Newell greets students with a “want a ride, babe?” and spends the ride asking about them: year in school, major and what class they are going to. She says that she wants to help freshmen, but will give anyone a ride.
“It’s not standing at a table handing out maps, you know, the traditional welcome back type stuff,” Newell said. “It’s different. And I think that’s why it stuck around so long.”
Rick Case, first gentleman of the university, says he takes a parental role in these discussions.
“What would I want someone to do with my kid?” Case said. “…Rick (Muma) and I kind of approached this that we raised two boys of our own, and now we have 17,000 more kids.”
Case compared getting students to accept a ride to fishing.
“Throwing your line out there, and every once in a while, you hook a kid,” Case said. “And you want to make a difference in whether they’re successful or not.”
Though Wubers only run the first two days of classes, Hall said that she’s always mused that someone could start their own Wuber business.
“If they got certified and trained and wanted to offer Uber rides throughout the year, they could do that, but no one’s taken me up on that idea yet.”
Hall hopes that when she’s driving a Wuber, she can connect students to the people riding alongside her, such as the new Liberal Arts and Sciences dean
“Dr. Sarah Beth Estes is going to ride with me, so I’m excited … to help her get to understand campus better,” Hall said. “But inevitably, when we pick up a new student, they’re going to have LAS classes.
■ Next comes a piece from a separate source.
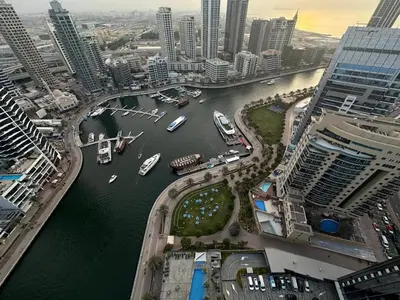 a view of a river with boats in a city at Stylish 1BR in Sparkle Towers Dubai Marina Escape in Dubai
So for me to get to introduce a brand new student to their dean, …. I love that part.”
In her last semester before retirement, Hall said the beginning of the year is bittersweet.
“My hope is to have, you know, some closure in some spaces,” Hall said. “But also part of that closure is I want to spend as much time with students as I can in this last semester.”
Picking up multiple students a day, Newell said she doesn’t always remember the individual’s name, but understands the impact a short Wuber ride has.
“I’ll be honest, I will give a lot of student rides, and I will not remember their name because there’s so many of them,” Newell said. “But when I’m walking across campus and they say, ‘Hey, Miss Alicia, hey, that’s the lady that gave me a ride, like, it’s like, okay, like that moment mattered to that student, right? And then it’s an opportunity for us to have a continued conversation.”